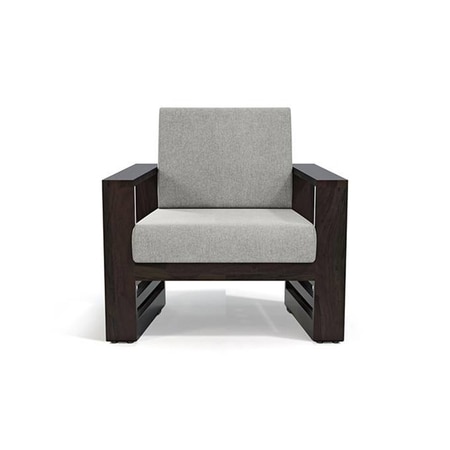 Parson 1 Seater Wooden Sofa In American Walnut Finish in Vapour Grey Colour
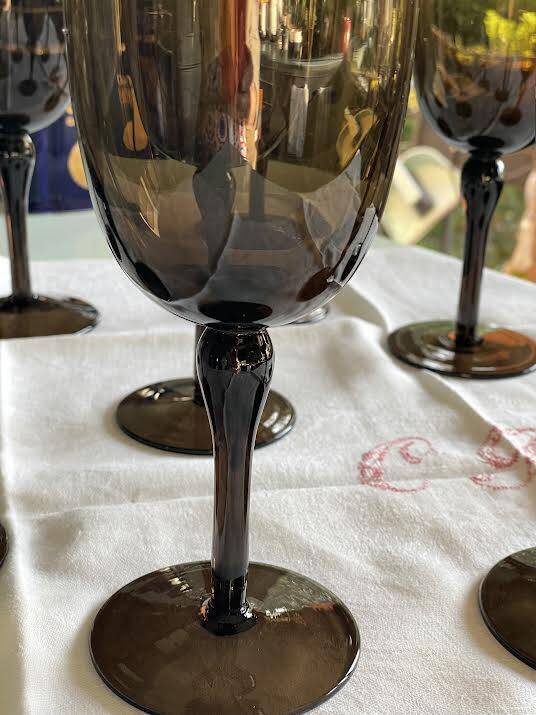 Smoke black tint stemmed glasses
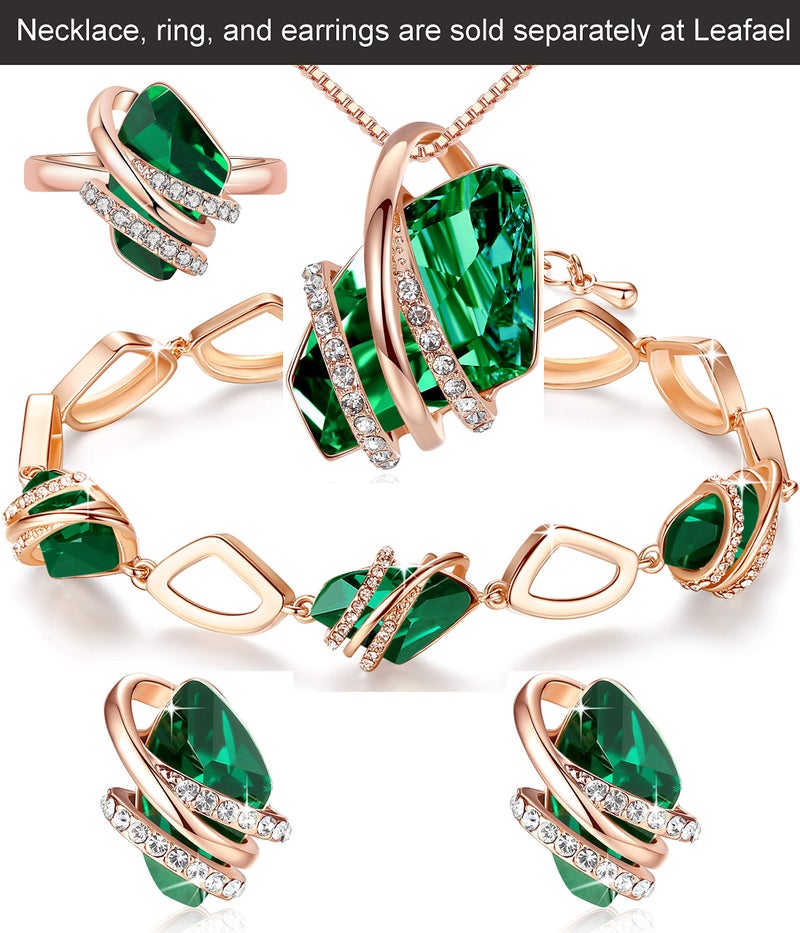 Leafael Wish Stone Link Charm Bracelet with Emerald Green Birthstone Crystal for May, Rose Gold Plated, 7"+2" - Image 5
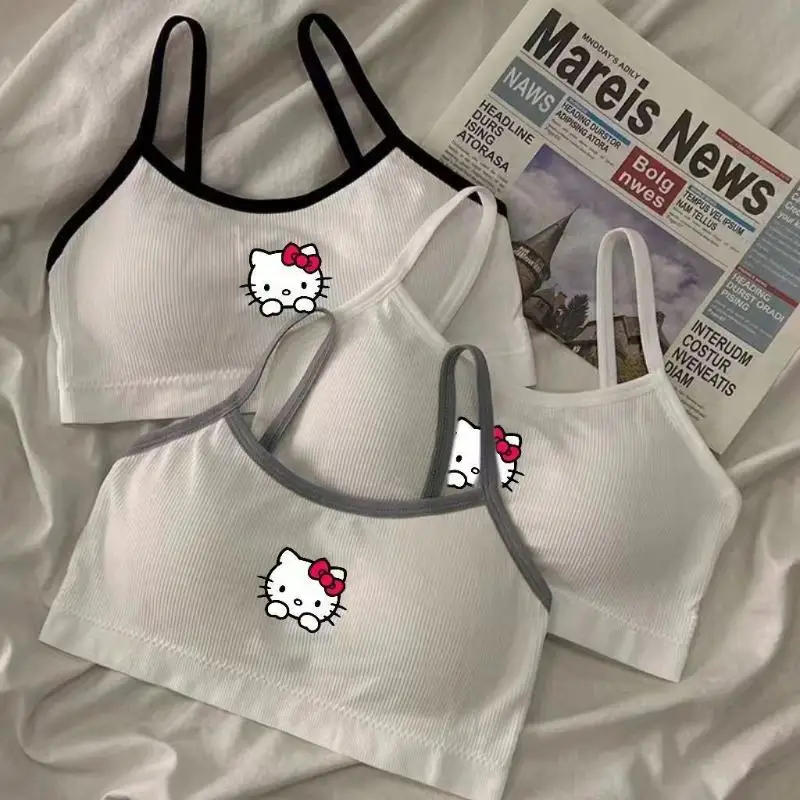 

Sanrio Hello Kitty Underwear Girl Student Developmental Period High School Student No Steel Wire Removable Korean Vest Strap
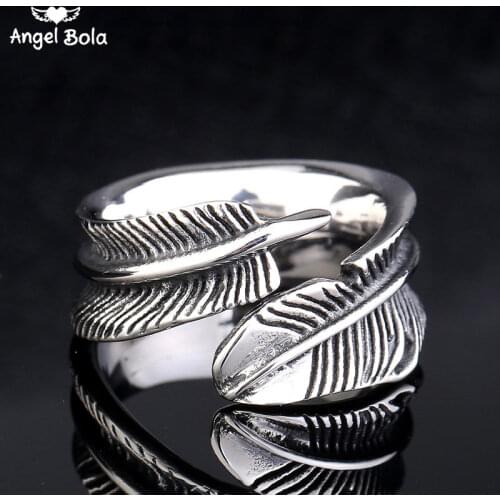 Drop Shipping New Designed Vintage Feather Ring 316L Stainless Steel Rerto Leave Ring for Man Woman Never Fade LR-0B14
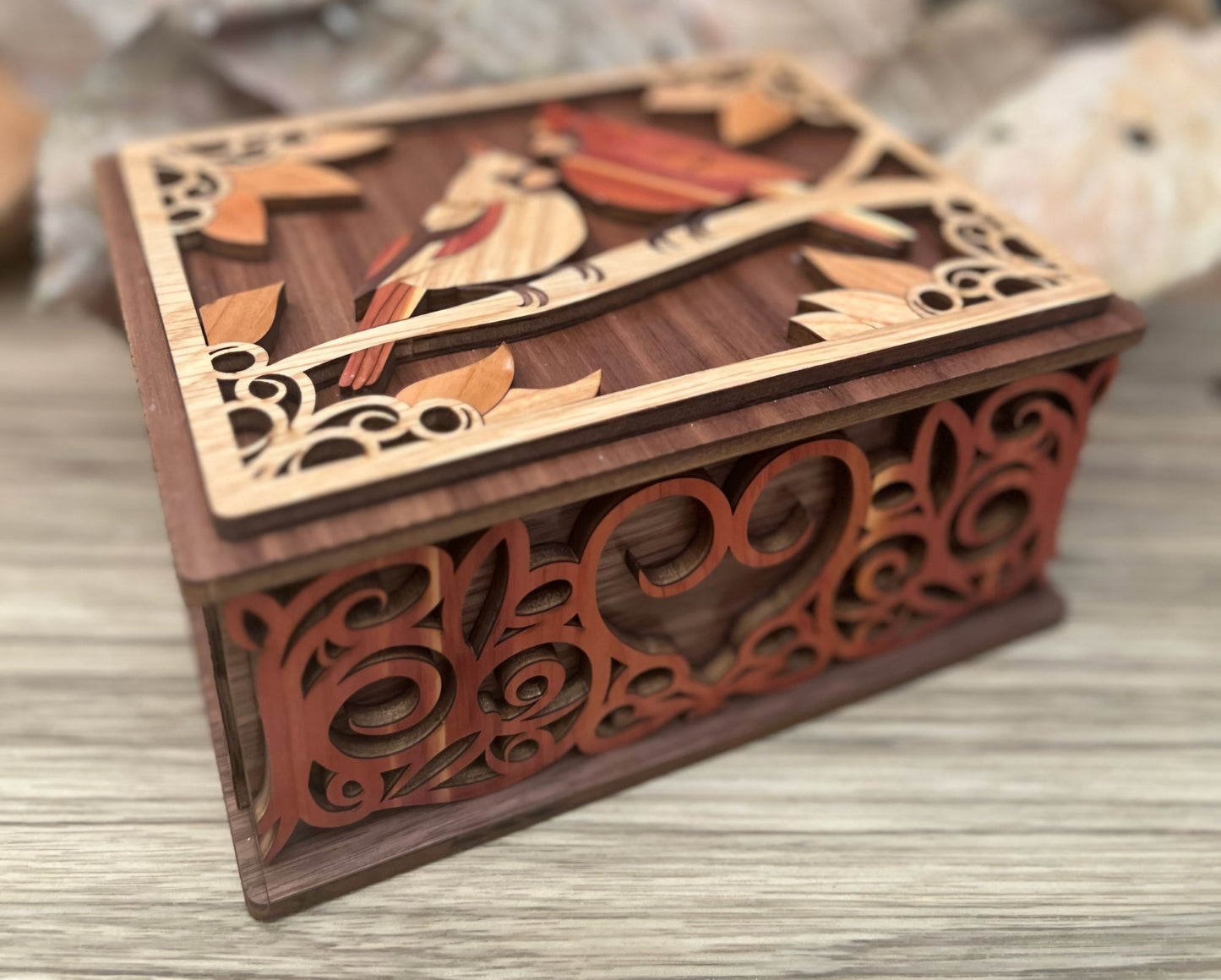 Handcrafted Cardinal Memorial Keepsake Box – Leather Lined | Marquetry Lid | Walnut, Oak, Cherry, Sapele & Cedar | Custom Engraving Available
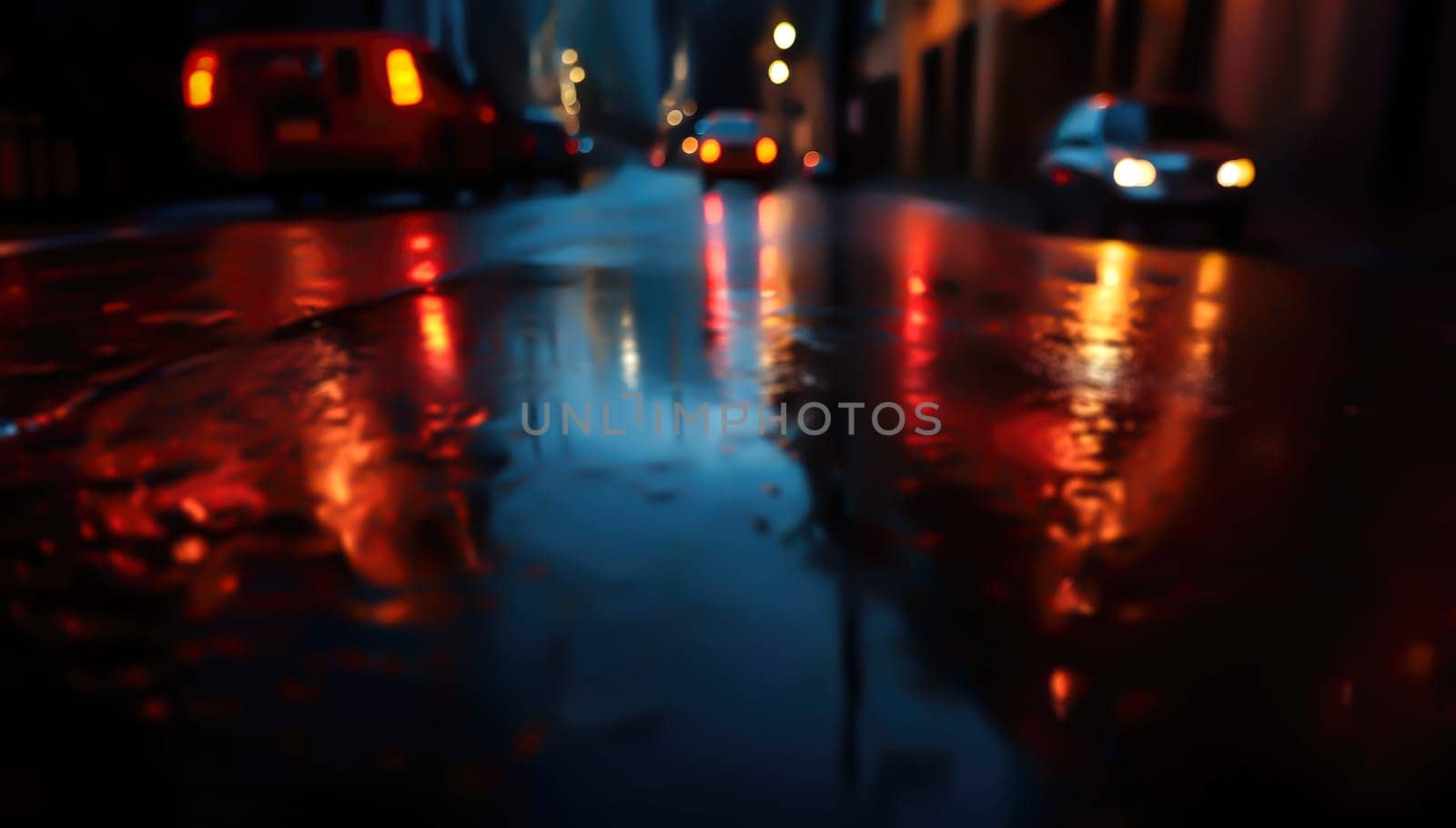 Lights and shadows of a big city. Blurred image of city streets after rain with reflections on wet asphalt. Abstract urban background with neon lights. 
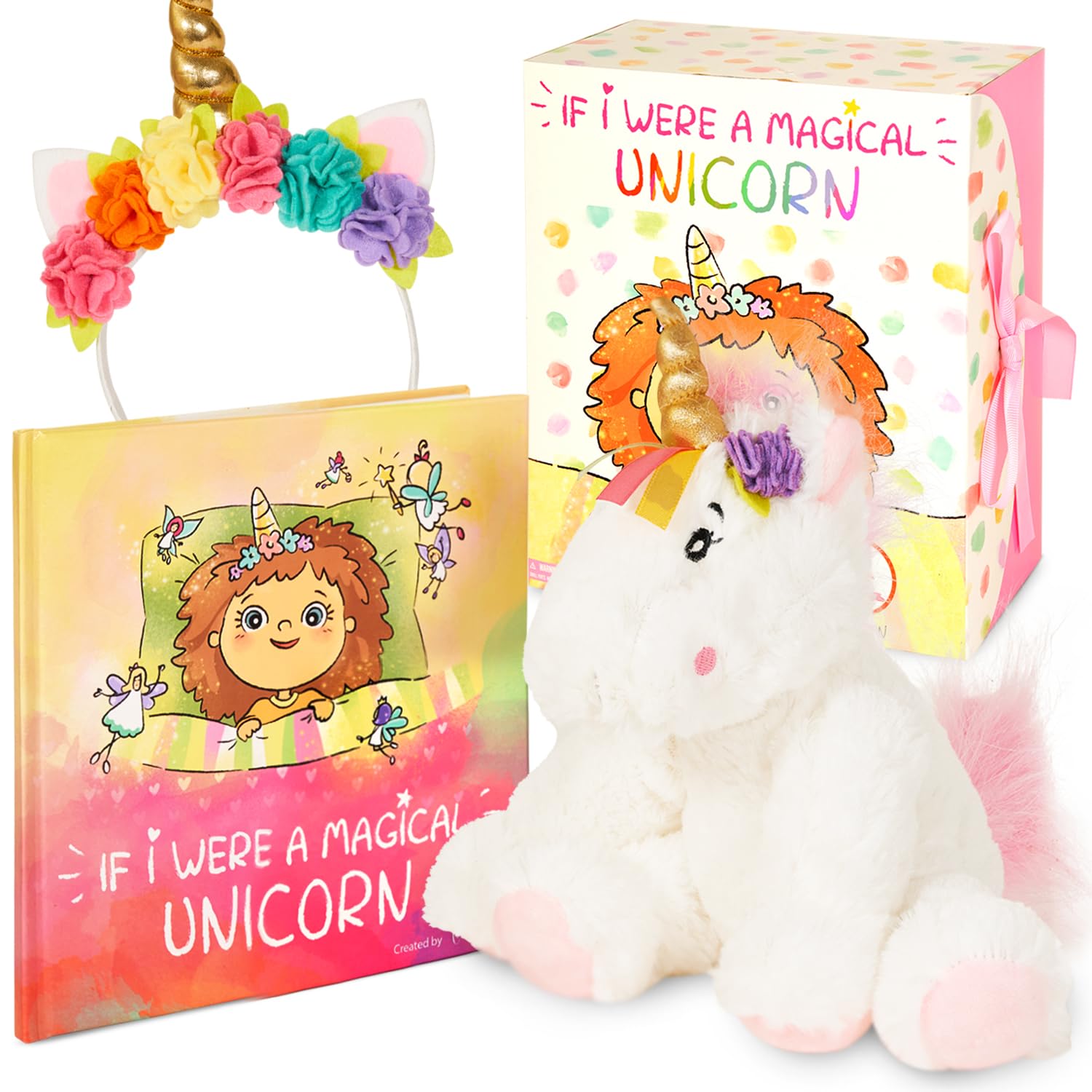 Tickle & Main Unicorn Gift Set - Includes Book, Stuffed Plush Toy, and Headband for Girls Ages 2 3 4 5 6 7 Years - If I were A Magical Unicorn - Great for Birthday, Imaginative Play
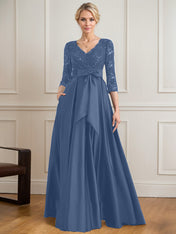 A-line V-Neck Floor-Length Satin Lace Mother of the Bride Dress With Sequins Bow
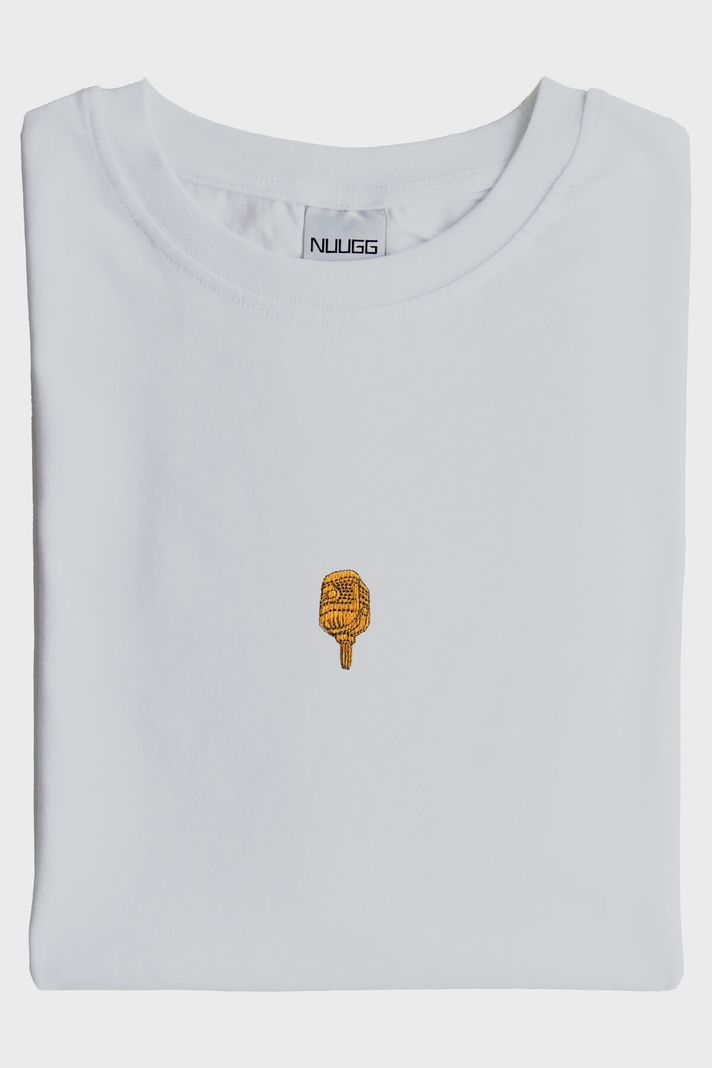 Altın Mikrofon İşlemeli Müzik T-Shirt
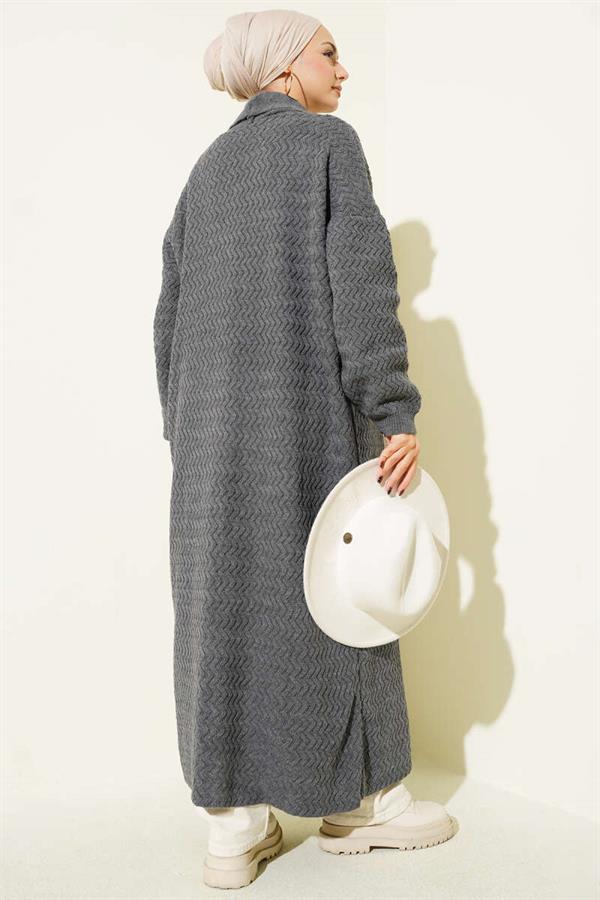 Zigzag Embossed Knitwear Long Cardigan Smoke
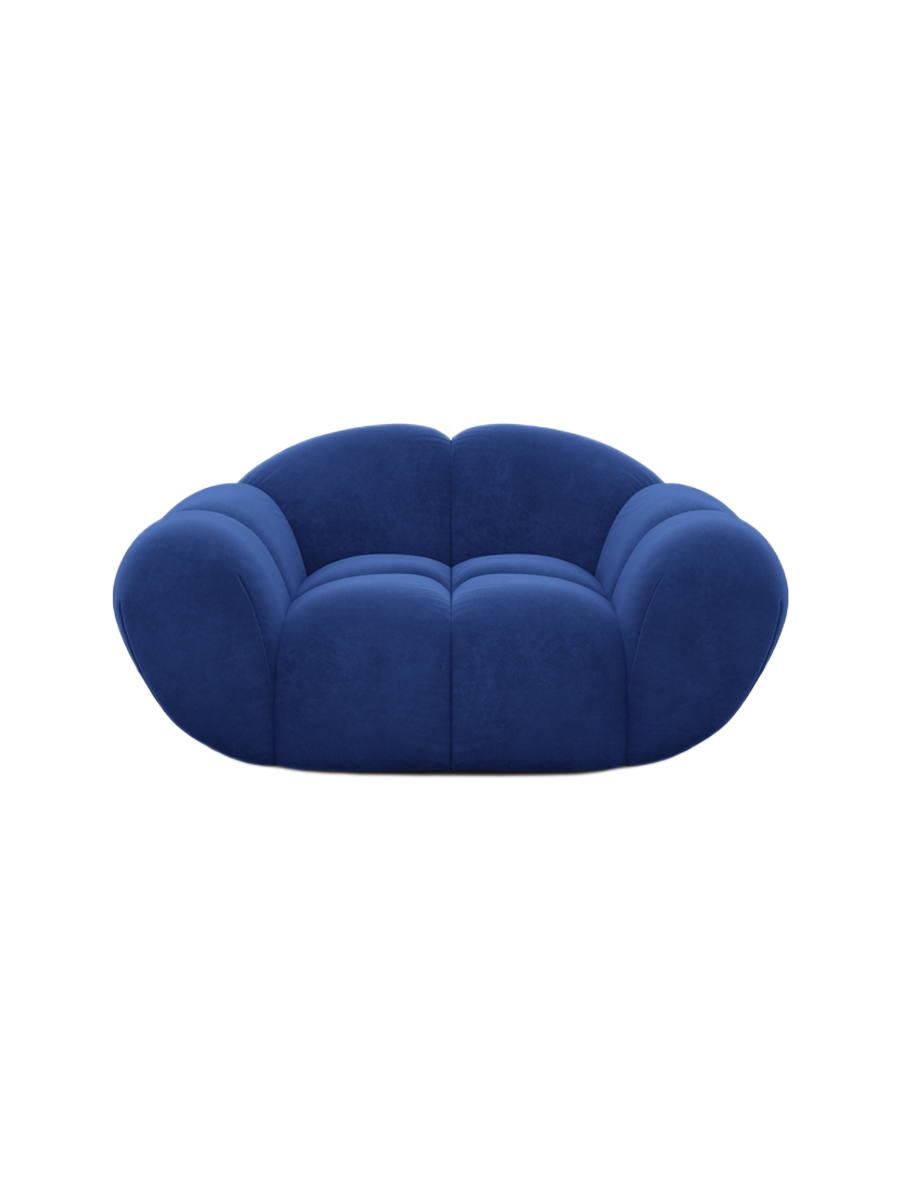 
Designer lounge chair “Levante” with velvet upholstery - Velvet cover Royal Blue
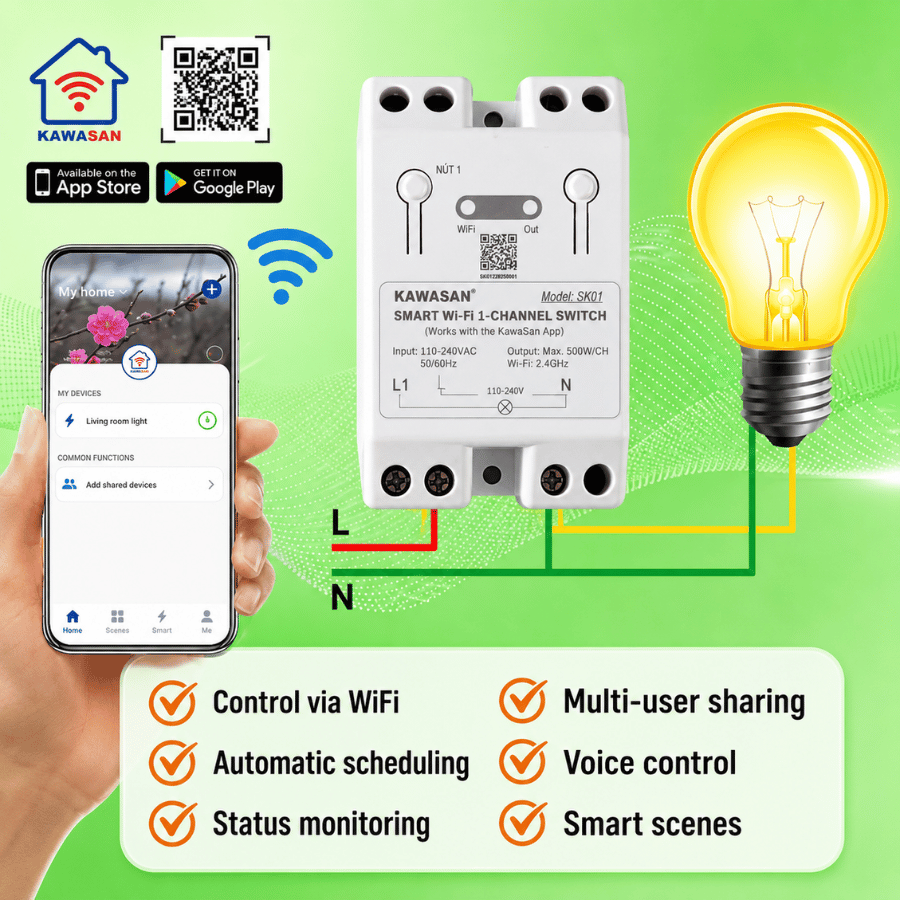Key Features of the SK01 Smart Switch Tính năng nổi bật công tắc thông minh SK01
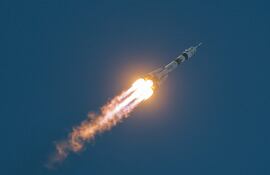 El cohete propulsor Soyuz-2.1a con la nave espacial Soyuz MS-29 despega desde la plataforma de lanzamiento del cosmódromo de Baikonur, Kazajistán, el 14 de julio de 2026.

#### What you will do:
Repeat the entries exactly. Any picture is to be left out.

#### Written answer:
 Parson 1 Seater Wooden Sofa In American Walnut Finish in Vapour Grey Colour
 Smoke black tint stemmed glasses
 Leafael Wish Stone Link Charm Bracelet with Emerald Green Birthstone Crystal for May, Rose Gold Plated, 7"+2" - Image 5

Sanrio Hello Kitty Underwear Girl Student Developmental Period High School Student No Steel Wire Removable Korean Vest Strap
 Drop Shipping New Designed Vintage Feather Ring 316L Stainless Steel Rerto Leave Ring for Man Woman Never Fade LR-0B14
 Handcrafted Cardinal Memorial Keepsake Box – Leather Lined | Marquetry Lid | Walnut, Oak, Cherry, Sapele & Cedar | Custom Engraving Available
 Lights and shadows of a big city. Blurred image of city streets after rain with reflections on wet asphalt. Abstract urban background with neon lights. 
 Tickle & Main Unicorn Gift Set - Includes Book, Stuffed Plush Toy, and Headband for Girls Ages 2 3 4 5 6 7 Years - If I were A Magical Unicorn - Great for Birthday, Imaginative Play
 A-line V-Neck Floor-Length Satin Lace Mother of the Bride Dress With Sequins Bow
 Altın Mikrofon İşlemeli Müzik T-Shirt
 Zigzag Embossed Knitwear Long Cardigan Smoke
Designer lounge chair “Levante” with velvet upholstery - Velvet cover Royal Blue
Key Features of the SK01 Smart Switch Tính năng nổi bật công tắc thông minh SK01
 El cohete propulsor Soyuz-2.1a con la nave espacial Soyuz MS-29 despega desde la plataforma de lanzamiento del cosmódromo de Baikonur, Kazajistán, el 14 de julio de 2026.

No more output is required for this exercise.